As a side note, we worship entrepreneurs in this country. What is interesting about that is entrepreneurs are, by definition, people telling the world they can create and deliver something that they do not have the skill set or knowledge to deliver. In other words, they are liars. At best they can end up wrangling together the right people with the knowledge and skill set and end up delivering. Is it really a lie then? Does the claim exist in some kind of superposition between truth and lie until the entrepreneur either succeeds or fails? No. If we’re being generous we’d call it a delusion, but really it’s a lie. We worship and praise the idea of lying to the world, so should it really be any wonder that those who lie to the world end up on top?

Where We Go From Here

This is not the world we want to live in. If we could actually trust each other and our institutions we could focus on doing our jobs and advancing the world. Going about life distrusting everything and everyone is a recipe for a miserable, exhausting, and unfulfilled life.

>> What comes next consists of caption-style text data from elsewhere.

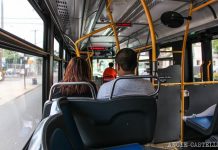 Nueva York premia a una aplicación española que guía a personas ciegas en el transporte En su batalla contra el avance del coronavirus en Nueva York, la Autoridad Metropolitana de Autobuses pondrá en macha a partir del próximo lunes en esta ciudad que los usuarios aborden y salgan de los autobuses por las puertas traseras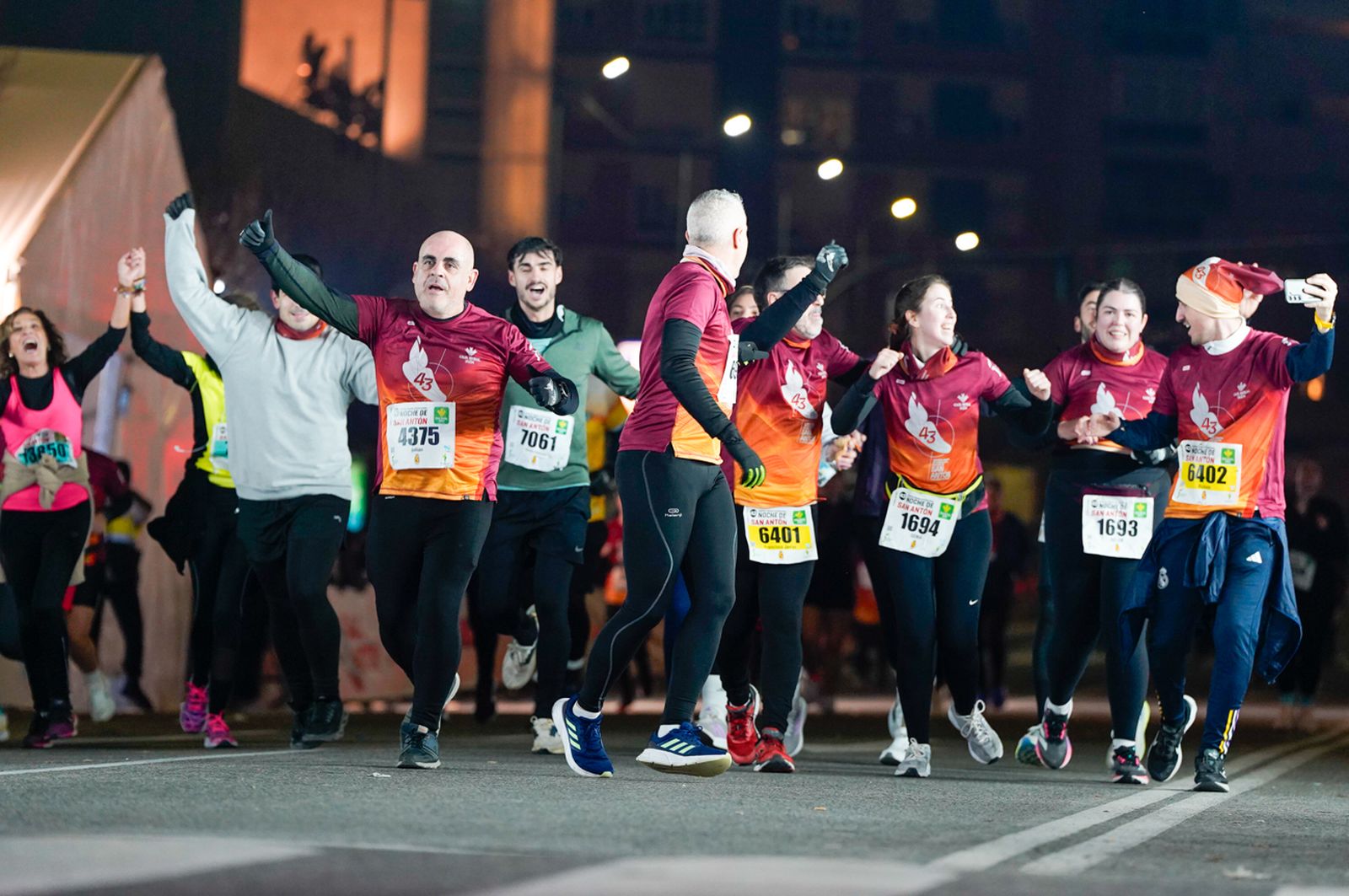 En imágenes: búscate en tu llegada a meta de la Carrera de San Antón 2026 (4)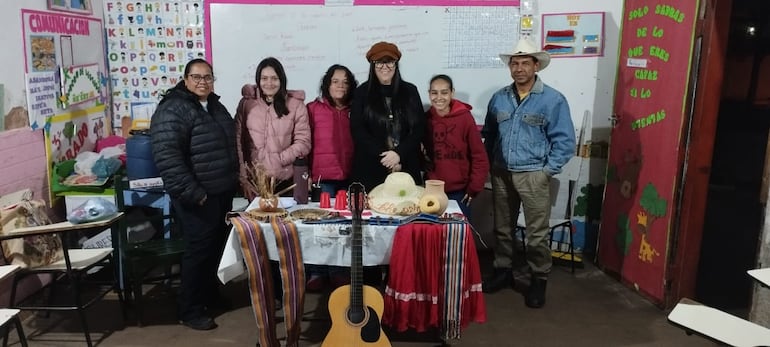 Imágenes del Centro de Educación Básica Bilingüe para personas jóvenes y adultas 1-56 San Roque González de Santa Cruz, ciudad de Concepción. Cada año, un grupo nuevo de personas de hasta 75 años termina su educación escolar básica.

There is one system we sapiens have created that actually seeks truth and does so by rewarding honesty and punishing dishonesty appropriately, and that system is called science. Science as a system exists to find truth in reality, present it to the world in a way that can be checked (replicated) and rewards those who find new truths and ostracizes anyone found to falsify data. And contrary to other systems in the world, science actually does catch those who falsify data, as anything they do can be checked by their peers. Science is transparent. This is what makes science such a generator of progress in our world. Discoveries in the sciences, since they are truths of reality, lead directly to societal benefits as we turn those discoveries into technologies that work.

So if we were to design a society that actually rewards honesty, trying to modify the system of science and generalize it to a system of human interaction is our only hope. But I’m not sure how to turn the structure of science into a societal structure. Even if anyone solves this problem, I doubt their solution would be implemented in our lifetimes, if ever.